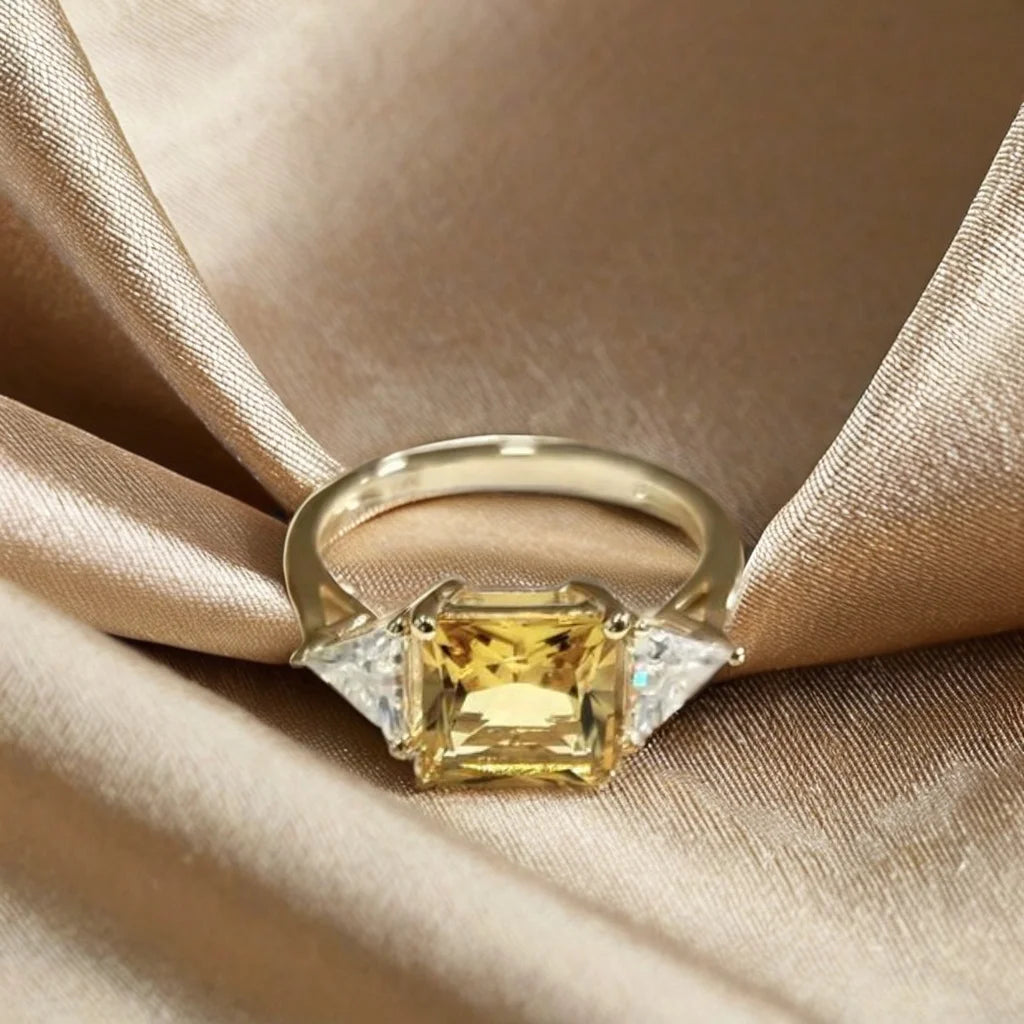 Customized 10k/14k/18k Yellow Gold Natural Yellow Morganite Ring Three Stone Ring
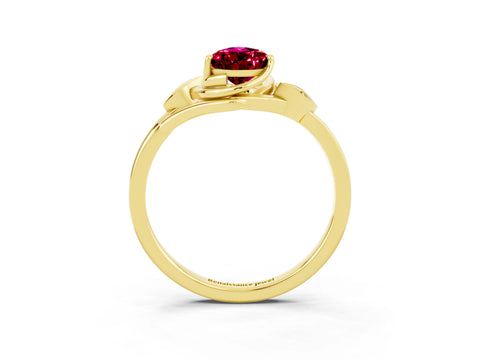 Yellow gold Pear Cut Garnet Solitaire Ring with Twist Band and Four-Prong Setting_27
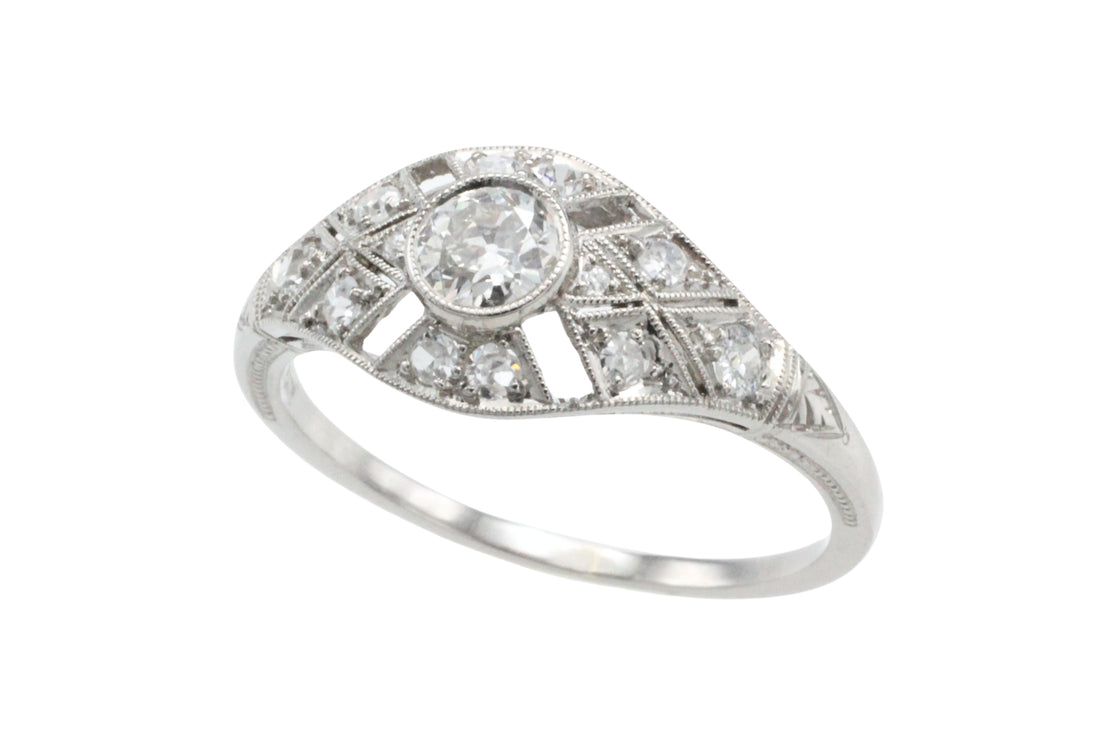 Platinum Art Deco ring with old cut diamonds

Exercise instructions
Print every line of the data exactly. Pictures do not belong in the copy.

Written answer
 Customized 10k/14k/18k Yellow Gold Natural Yellow Morganite Ring Three Stone Ring
 Yellow gold Pear Cut Garnet Solitaire Ring with Twist Band and Four-Prong Setting_27
 Platinum Art Deco ring with old cut diamonds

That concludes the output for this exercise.